I had various reactions. One was, “Great, a response.” We’re out there in order to make some kind of witness; here, finally was an indication that someone was paying attention.
But I quickly became disillusioned about this not so much by the words spoken by this man, but rather by the tone struck by several of the people I was with… bombshells of rhetoric, insulting comments about the man’s intelligence. It seemed clear to me that they didn’t have much interest in engaging in real conversation. They preferred the self-centered conviction that they were totally right and he was totally wrong, while enjoying the adrenalin rush that comes in trying to beat down an enemy.
And this was supposed to be “peace” vigil.
The one exception that night was Michael Soriano, who drew close to the man, and in contrast to the shrill, attacking tones of others, spoke softly, attempting to dialogue with him on the issues at stake in war and peace.
“I have decided to follow Jesus.” Followers of Jesus are called to be peacemakers.
The questions that were addressed to Jennifer and Michael this morning, as well as to all of us, dealt with the reality of evil and the struggle of goodness against evil in this world. One of the great insights of Christianity is that the battlefront in which this struggle takes place isn’t just out there somewhere, it’s right here, running through the soul of each of us.
Jesus said, how can you call attention to the speck in your neighbor’s eye when there is a log in your own eye? Right after blessing Simon Peter, he called him “Satan.” “Get behind me, Satan!” We are Simon Peter. We can never forget that although hopefully God is using us to do some good in this world, Satan also speaks through us as well. When we try to demonize others, Jesus would remind us to face up to our own demons first.
The presidential campaigns are in full swing, and I should feel grateful for living in this great nation where democracy has some fairly deep roots. My son Andrew recently arrived for a four month stay in Thailand at precisely the moment when tens of thousands of demonstrators had taken to the streets in an attempt to drive out the prime minister, a man who had been brought to power by another coup just a year or so earlier. The stability we enjoy here in the democratic process is remarkable.
And yet I find myself feeling disillusioned by partisan politics — the failure to engage in real dialogue with people of differing points of view; the way we so often talk past one another without ever really listening.
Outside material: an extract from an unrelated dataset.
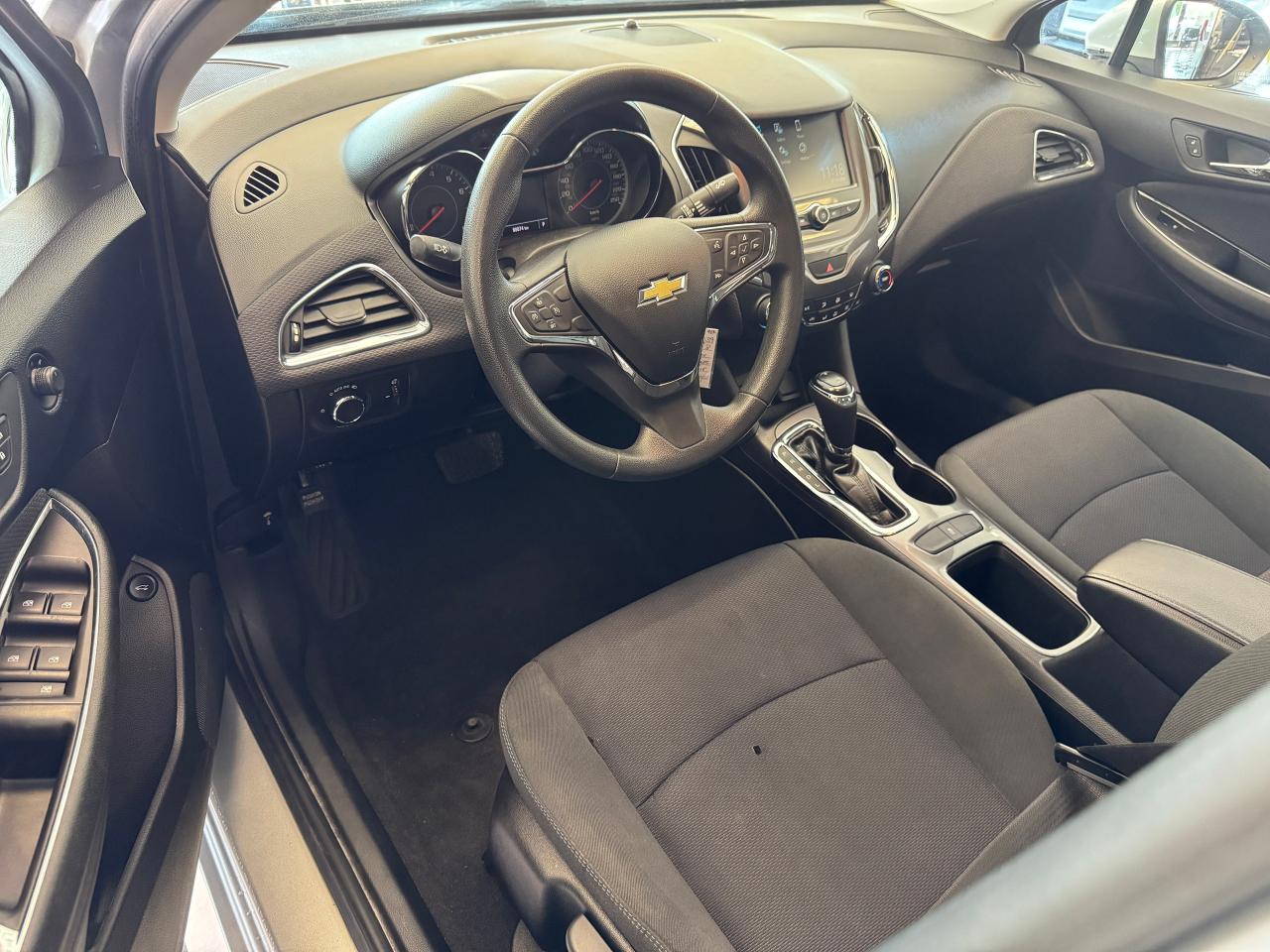 2018 Chevrolet Cruze LT+New Tires+Brake+Appleplay+Camera+Heated Seats Photo17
Jesus said, “If anyone would follow me, let them deny themselves and take up their cross and follow me.” Here is a pretty down to earth way to understand what it means to deny ourselves in following Jesus: Deny ourselves the gloating satisfaction of “being right” that seems so preferable to the hard work required in truly listening to another person express their point of view, especially when that point of view is quite different from our own. Make it a goal of trying to truly hear what another is saying, and to listen for the words beyond the words; the unspoken fears and hopes that are a part of their point of view. Deny yourself the thrill that comes from beating your opponent into submission with rhetorical points.